From the material below, return exactly the lines starting at the one that holds "Tomáš Habermann Národní" and ending at the one that holds "It's A Michael". Pictures stay out of the answer.

··· Exercise materials ···

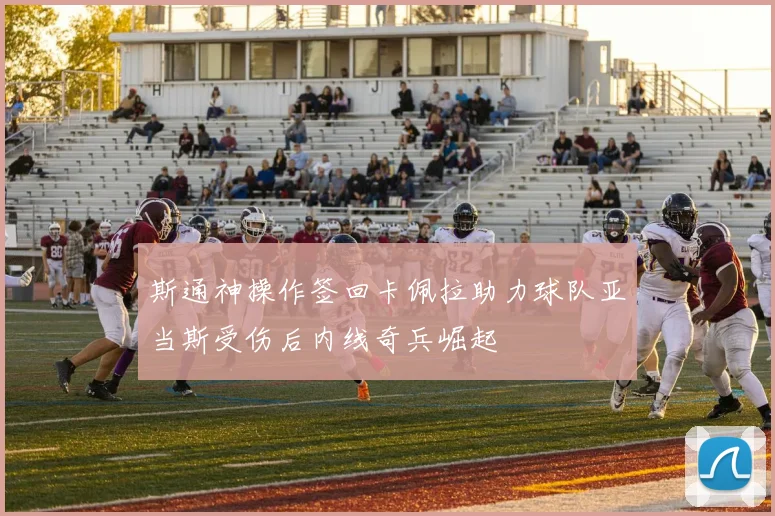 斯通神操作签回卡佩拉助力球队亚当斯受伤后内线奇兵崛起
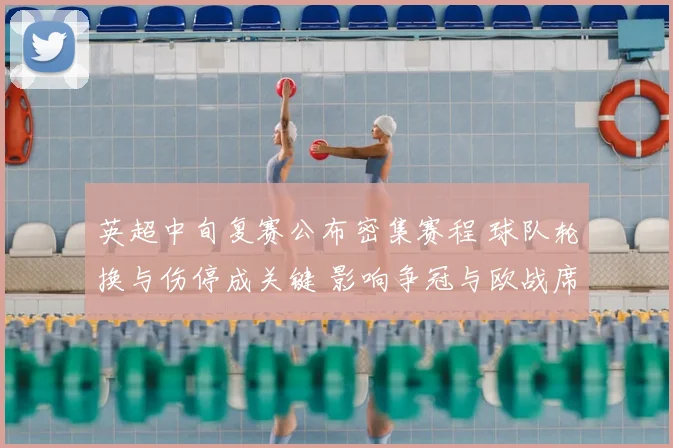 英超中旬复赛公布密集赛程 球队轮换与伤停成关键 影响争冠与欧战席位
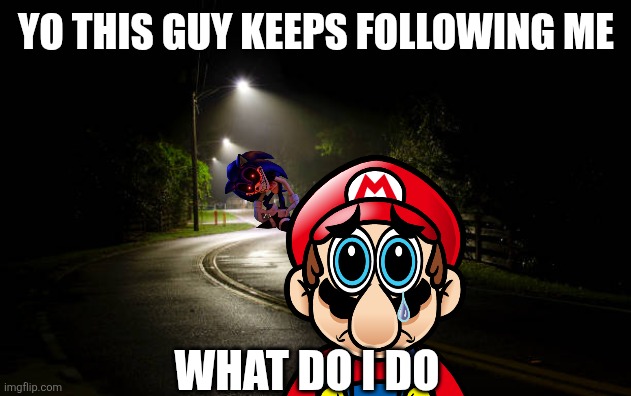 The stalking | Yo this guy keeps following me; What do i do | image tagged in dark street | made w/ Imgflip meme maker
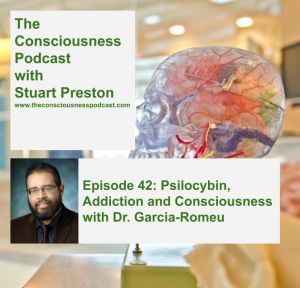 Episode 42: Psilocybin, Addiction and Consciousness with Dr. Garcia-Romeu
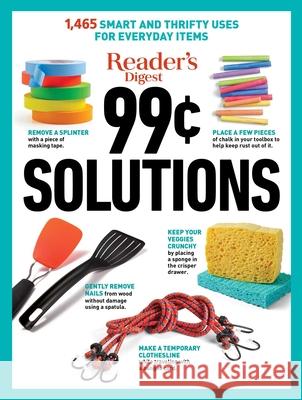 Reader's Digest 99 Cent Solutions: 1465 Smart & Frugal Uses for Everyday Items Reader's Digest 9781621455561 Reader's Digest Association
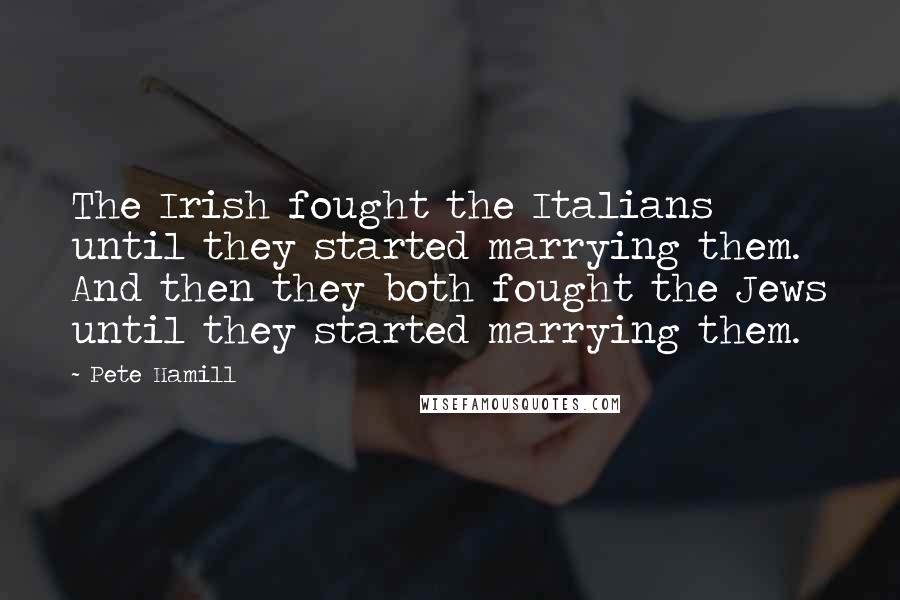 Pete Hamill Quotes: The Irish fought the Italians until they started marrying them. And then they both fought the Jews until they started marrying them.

···
··· Exercise materials ···

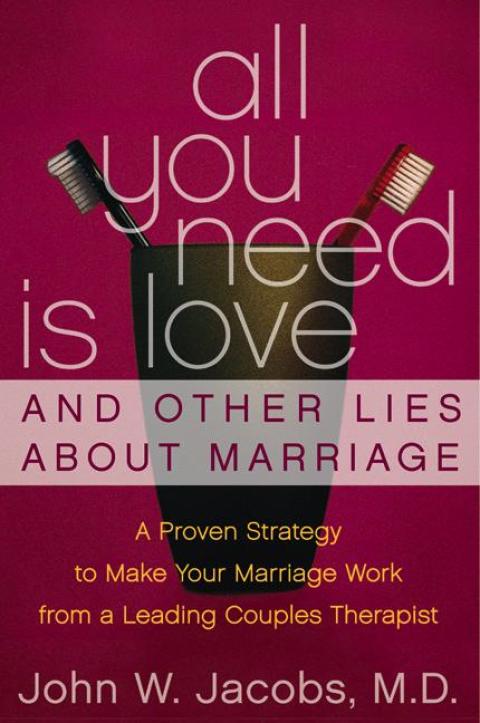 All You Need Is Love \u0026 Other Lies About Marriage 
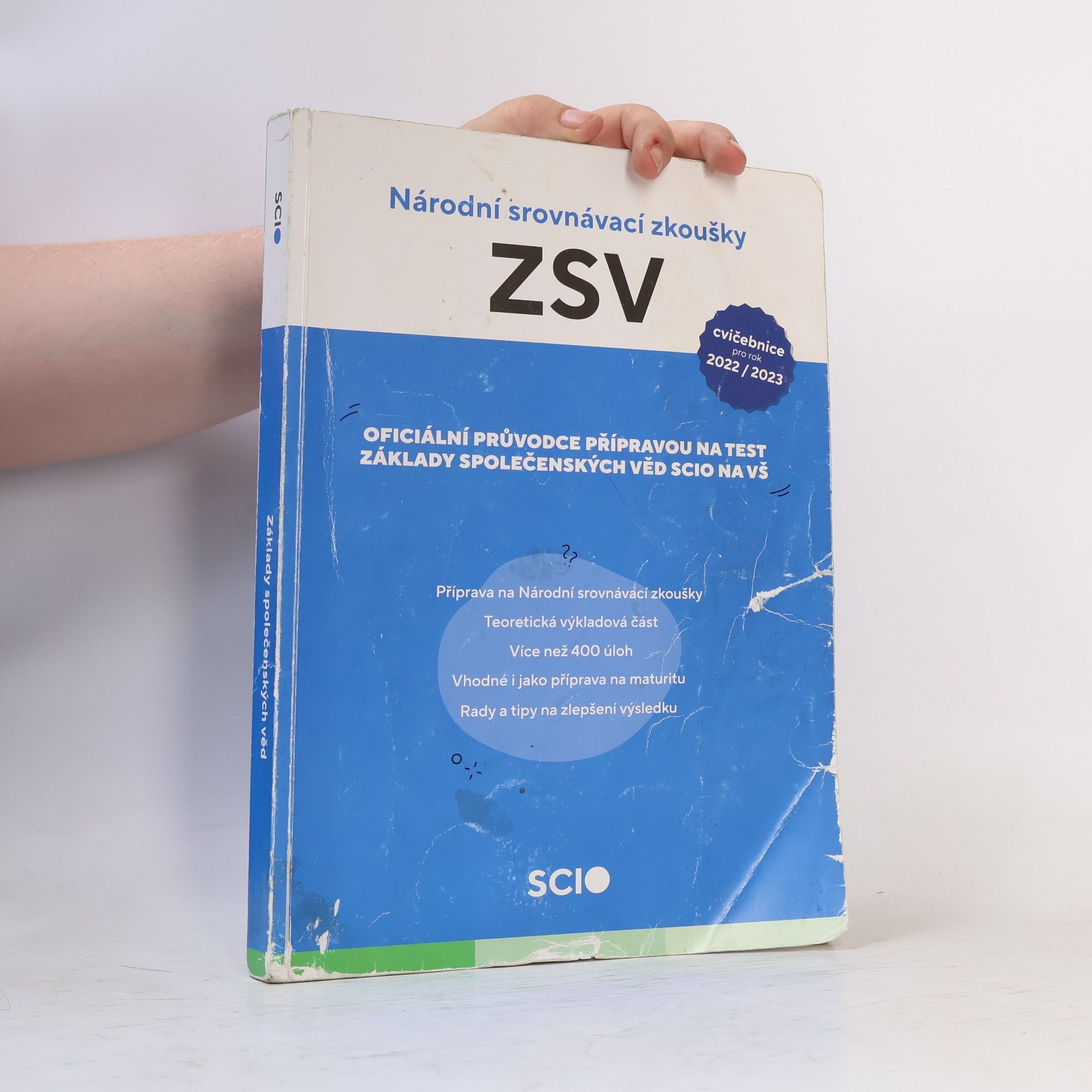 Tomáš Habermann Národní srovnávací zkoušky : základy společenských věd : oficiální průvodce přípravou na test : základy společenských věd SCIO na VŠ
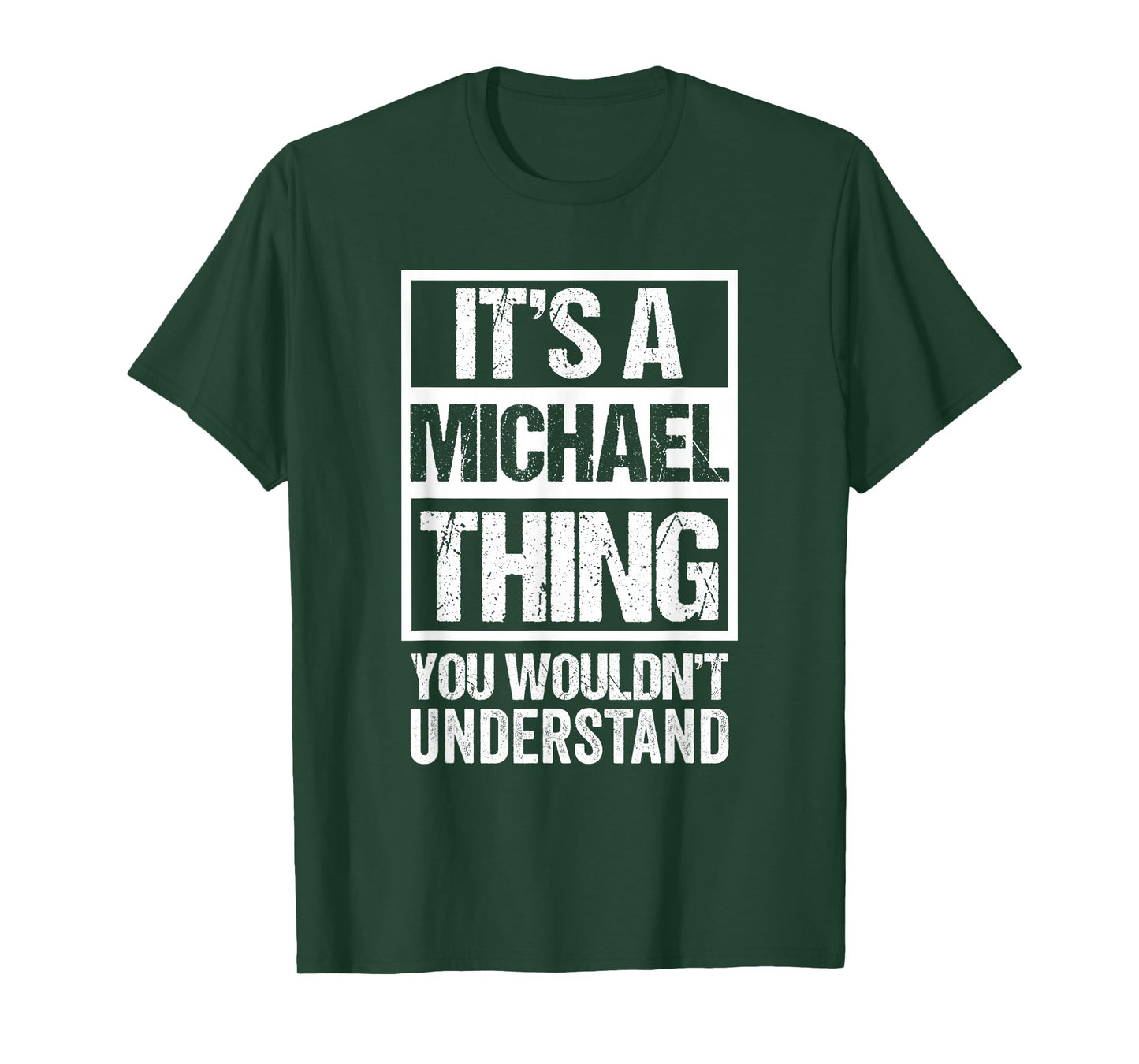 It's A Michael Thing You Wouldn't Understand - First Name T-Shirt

···
··· Exercise materials ···

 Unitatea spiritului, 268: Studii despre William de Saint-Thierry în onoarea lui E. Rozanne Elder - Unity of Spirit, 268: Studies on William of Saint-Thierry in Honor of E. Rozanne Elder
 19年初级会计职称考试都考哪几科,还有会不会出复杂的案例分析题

···

__Written answer__.
 Tomáš Habermann Národní srovnávací zkoušky : základy společenských věd : oficiální průvodce přípravou na test : základy společenských věd SCIO na VŠ
 It's A Michael Thing You Wouldn't Understand - First Name T-Shirt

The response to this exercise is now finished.